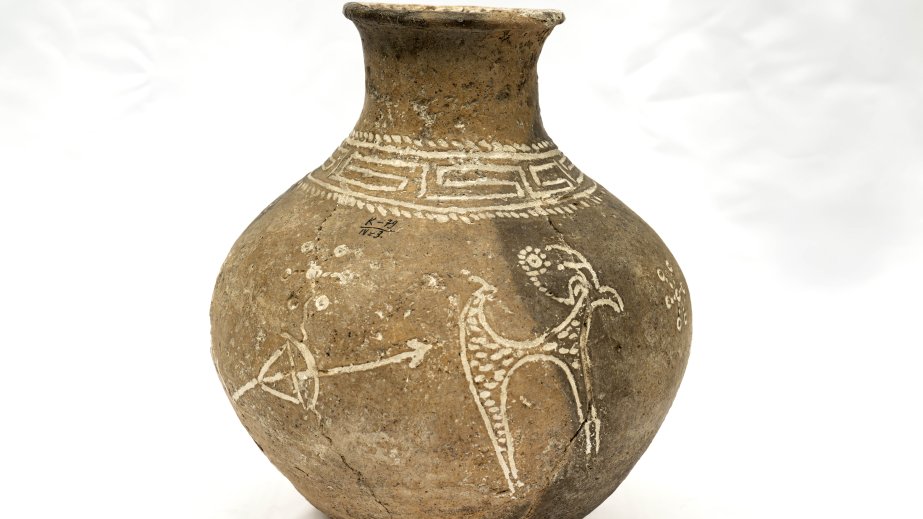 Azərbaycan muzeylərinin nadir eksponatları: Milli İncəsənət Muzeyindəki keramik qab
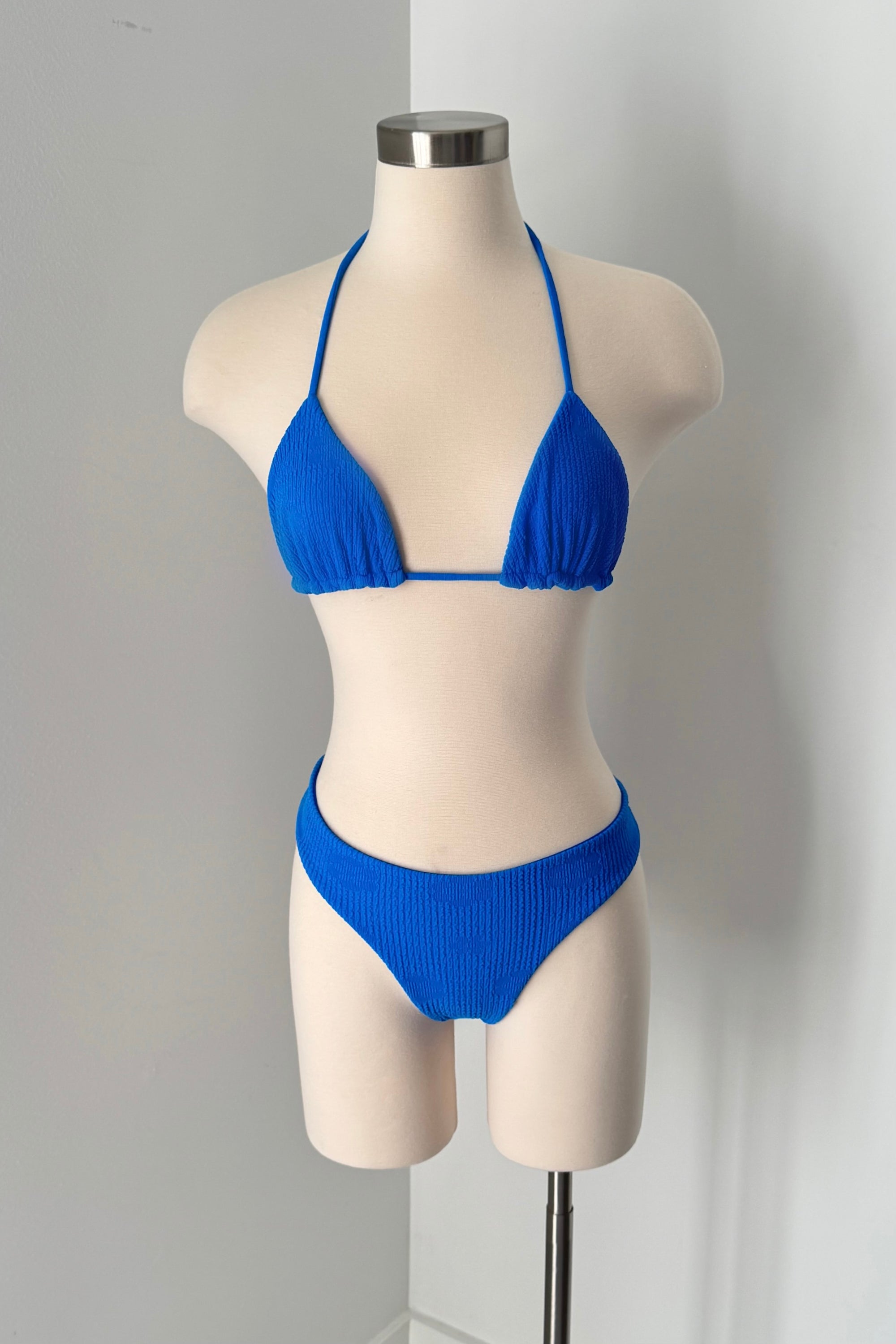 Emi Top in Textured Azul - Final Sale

★ ★ ★ ★

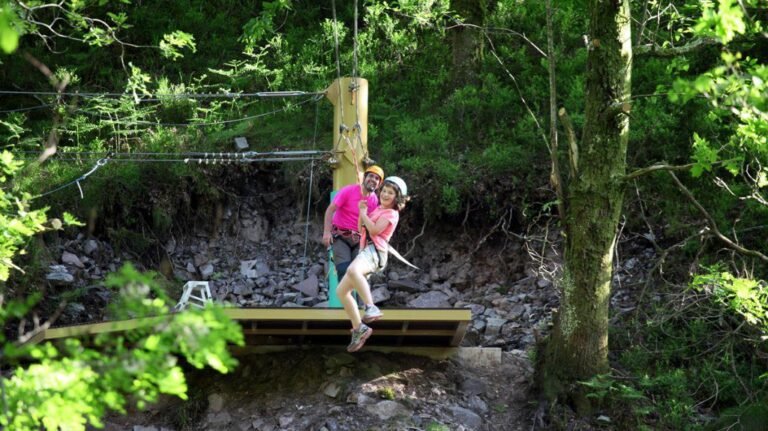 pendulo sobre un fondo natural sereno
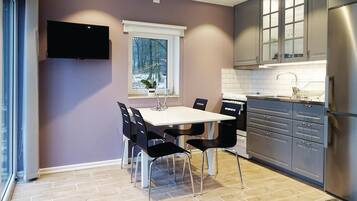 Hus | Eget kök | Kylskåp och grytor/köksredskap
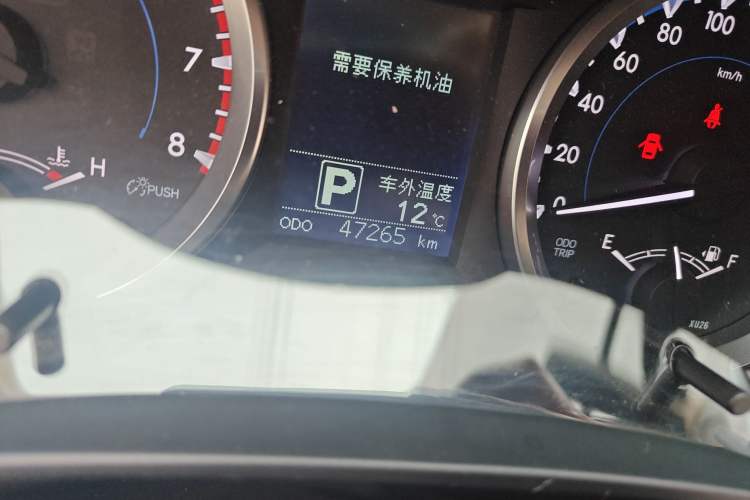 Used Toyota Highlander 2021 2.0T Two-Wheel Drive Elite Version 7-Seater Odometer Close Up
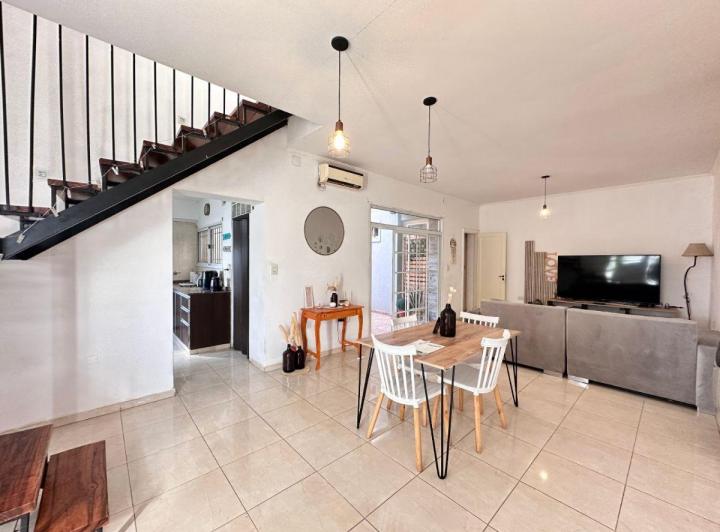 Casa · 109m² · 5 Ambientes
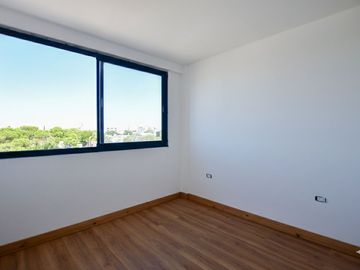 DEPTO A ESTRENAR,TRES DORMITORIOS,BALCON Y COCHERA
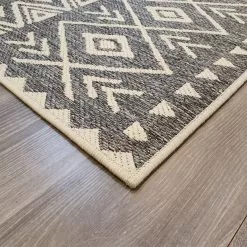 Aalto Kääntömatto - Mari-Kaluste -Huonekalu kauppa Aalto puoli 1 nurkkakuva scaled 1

★ ★ ★ ★

Only the lines above starting with the line with "Azərbaycan muzeylərinin nadir" and going on through the line with "Emi Top in Textured Azul - Final Sale" belong in the answer; repeat them exactly, minus any picture.

Exercise solution:
 Azərbaycan muzeylərinin nadir eksponatları: Milli İncəsənət Muzeyindəki keramik qab
 Emi Top in Textured Azul - Final Sale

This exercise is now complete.